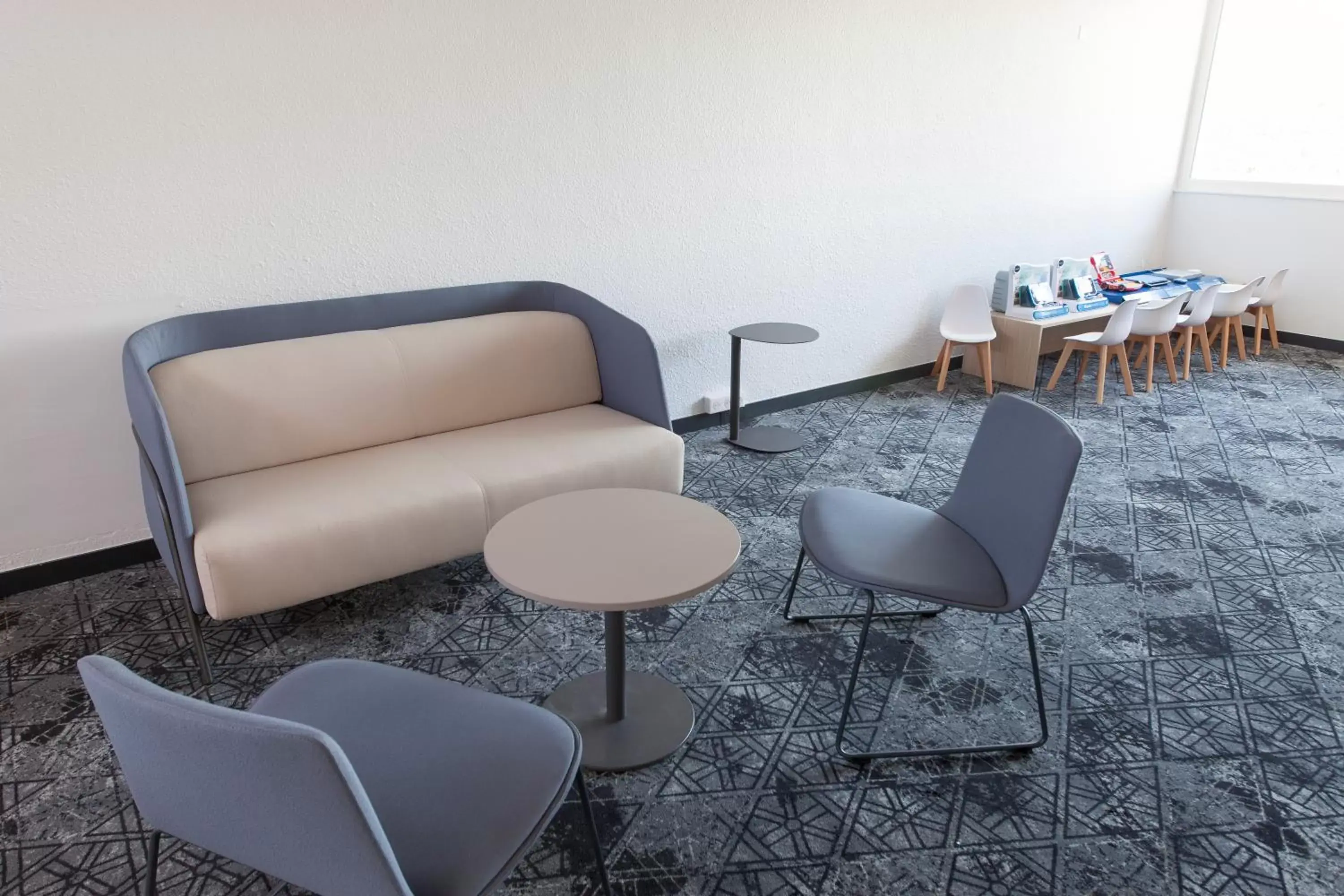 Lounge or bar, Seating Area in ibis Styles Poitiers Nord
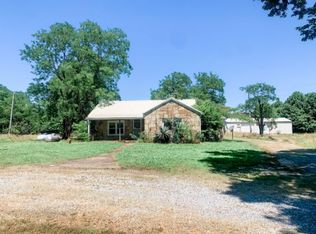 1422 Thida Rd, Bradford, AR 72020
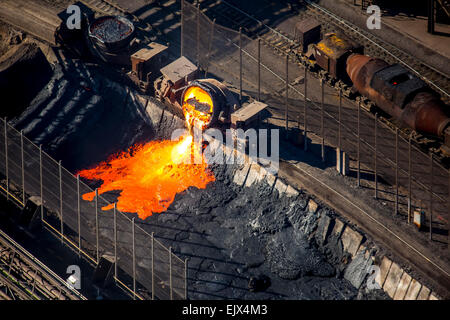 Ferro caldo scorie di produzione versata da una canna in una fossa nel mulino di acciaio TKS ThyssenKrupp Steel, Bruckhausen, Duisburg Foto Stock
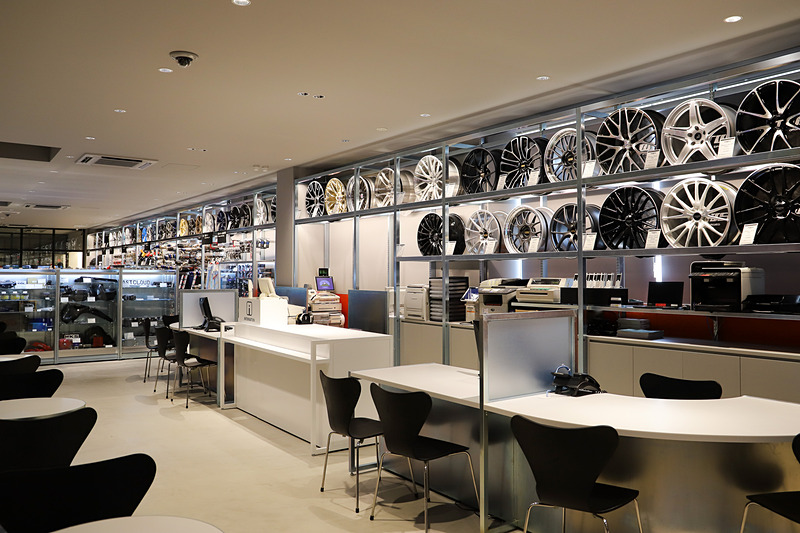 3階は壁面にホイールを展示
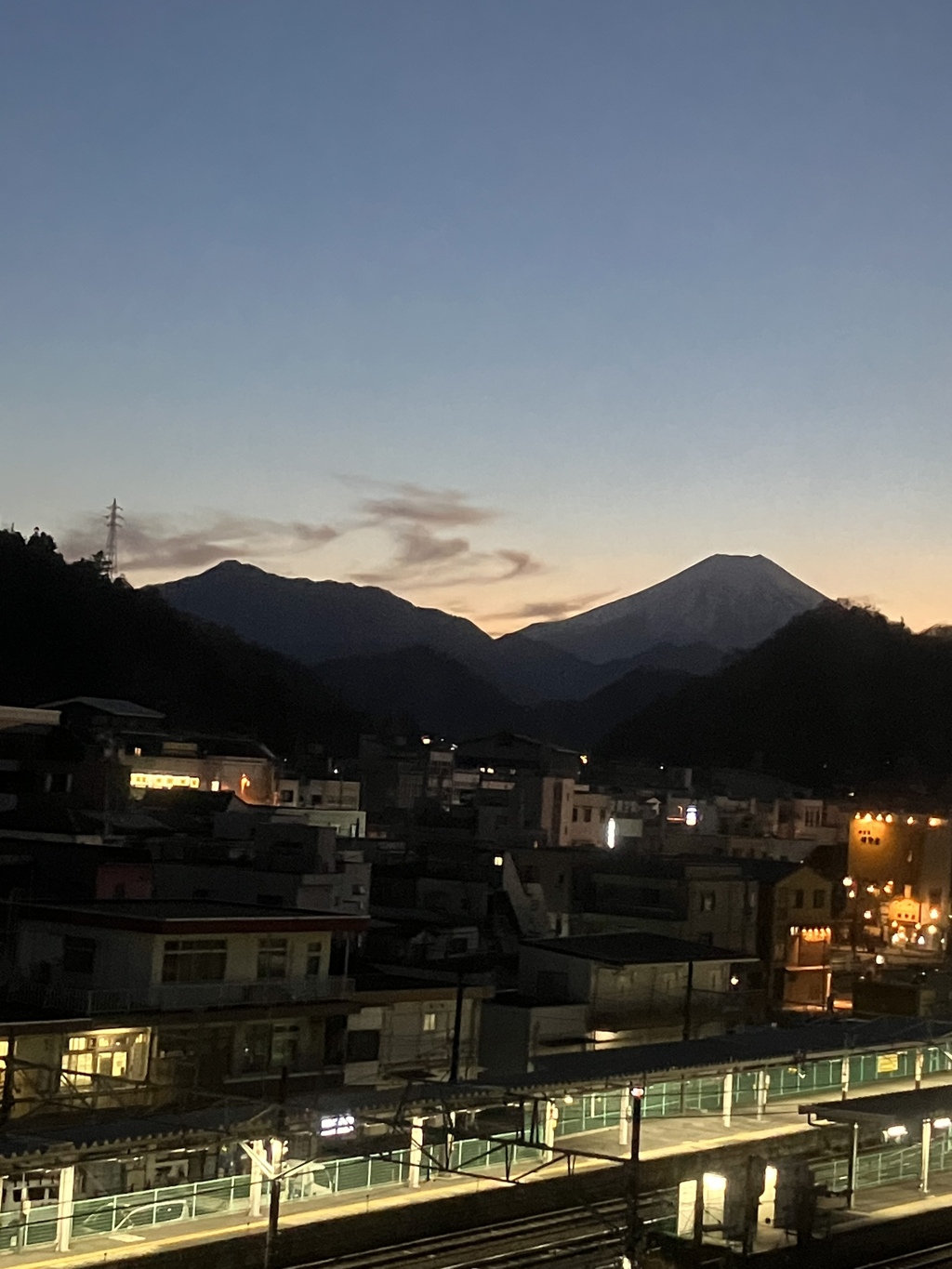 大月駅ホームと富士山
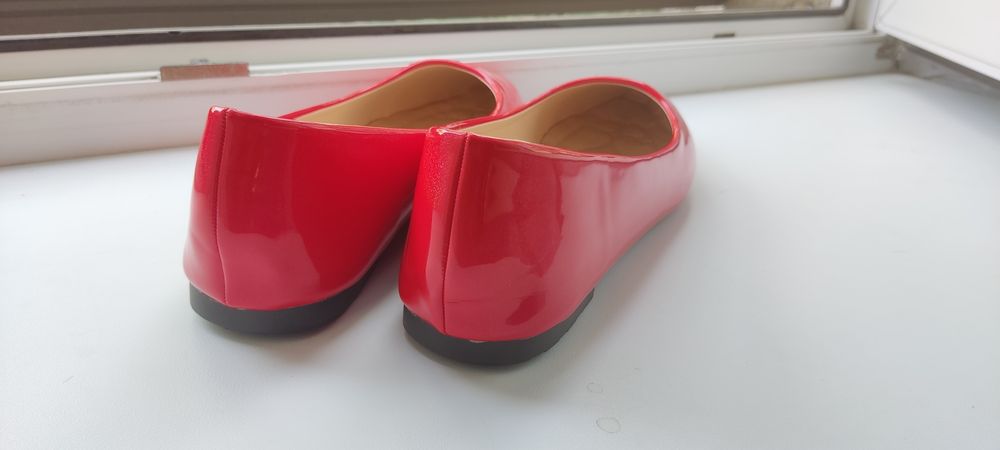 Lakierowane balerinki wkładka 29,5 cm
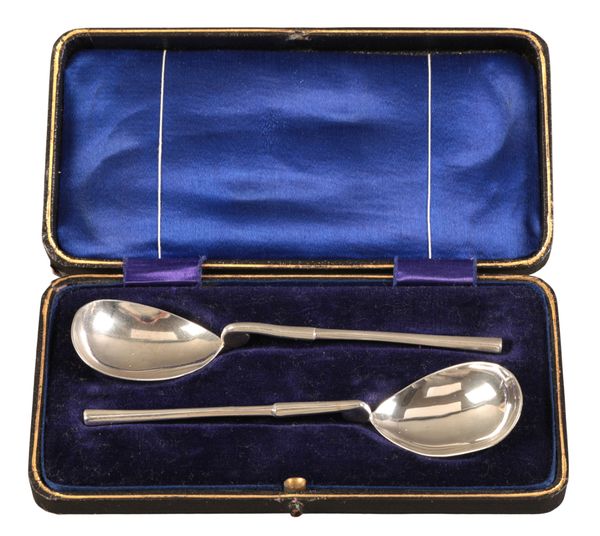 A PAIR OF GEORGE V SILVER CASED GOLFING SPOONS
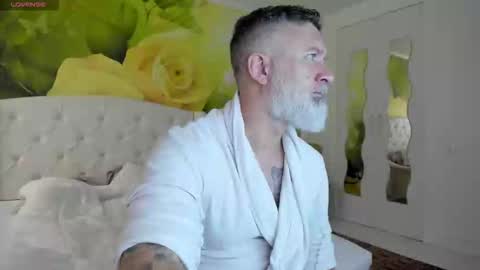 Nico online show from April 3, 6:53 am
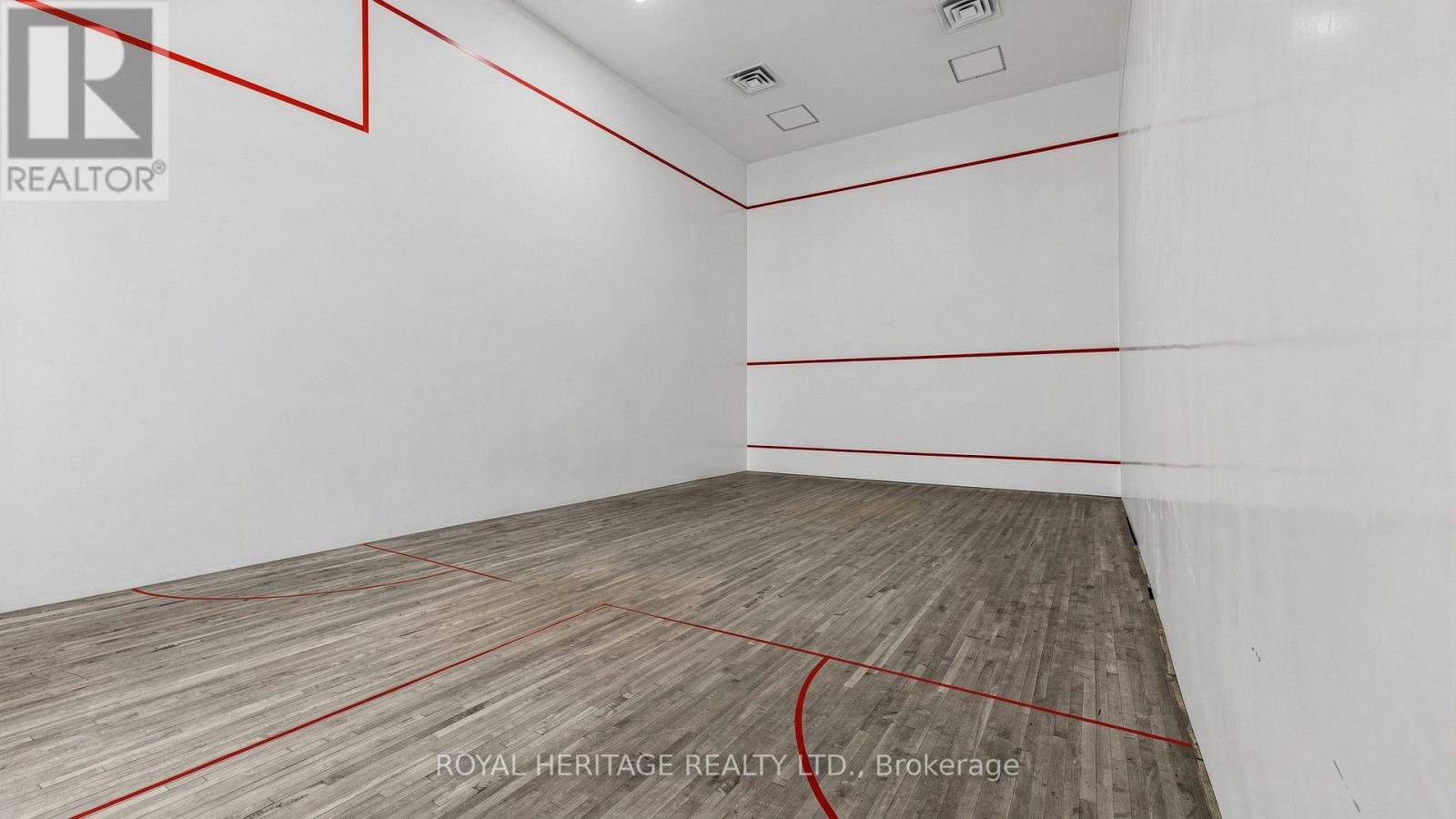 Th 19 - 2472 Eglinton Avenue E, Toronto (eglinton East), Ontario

- [TASK BRIEF] Copy every line exactly, from the opening line of the entries down to the line holding "Nico online show from April 3, 6:53 am", and keep the pictures out.

- [COMPLETED EXERCISE]
 Lounge or bar, Seating Area in ibis Styles Poitiers Nord
 1422 Thida Rd, Bradford, AR 72020
 Ferro caldo scorie di produzione versata da una canna in una fossa nel mulino di acciaio TKS ThyssenKrupp Steel, Bruckhausen, Duisburg Foto Stock
 3階は壁面にホイールを展示
 大月駅ホームと富士山
 Lakierowane balerinki wkładka 29,5 cm
 A PAIR OF GEORGE V SILVER CASED GOLFING SPOONS
 Nico online show from April 3, 6:53 am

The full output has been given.